Reputation: 33
While working with a linear regression model I split the data into a training set and test set. I then calculated R^2, RMSE, and MAE using the following:
lm.fit(X_train, y_train)
R2 = lm.score(X,y)
y_pred = lm.predict(X_test)
RMSE = np.sqrt(metrics.mean_squared_error(y_test, y_pred))
MAE = metrics.mean_absolute_error(y_test, y_pred)
I thought that I was calculating R^2 for the entire data set (instead of comparing the training and original data). However, I learned that you must fit the model before you score it, therefore I'm not sure if I'm scoring the original data (as inputted in R2) or the data that I used to fit the model (X_train, and y_train). When I run:
lm.fit(X_train, y_train)
lm.score(X_train, y_train)
I get a different result than what I got when I was scoring X and y.
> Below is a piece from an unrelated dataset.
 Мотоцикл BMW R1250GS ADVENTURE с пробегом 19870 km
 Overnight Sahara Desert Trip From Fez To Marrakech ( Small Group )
So my question is are the inputs to the .score parameter compared to the model that was fitted (thereby making lm.fit(X,y); lm.score(X,y) the R^2 value for the original data and lm.fit(X_train, y_train); lm.score(X,y) the R^2 value for the original data based off the model created in .fit.) or is something else entirely happening?
Upvotes: 3
Views: 10401
Reputation: 11
fit() that only fit the data which is synonymous to train, that is fit the data means train the data. score is something like testing or predict.
So one should use different dataset for training the classifier and testing the acuracy One can do like this. X_train,X_test,y_train,y_test=cross_validation.train_test_split(X,y,test_size=0.2) clf=neighbors.KNeighborsClassifier() clf.fit(X_train,y_train) accuracy=clf.score(X_test,y_test)
Upvotes: 1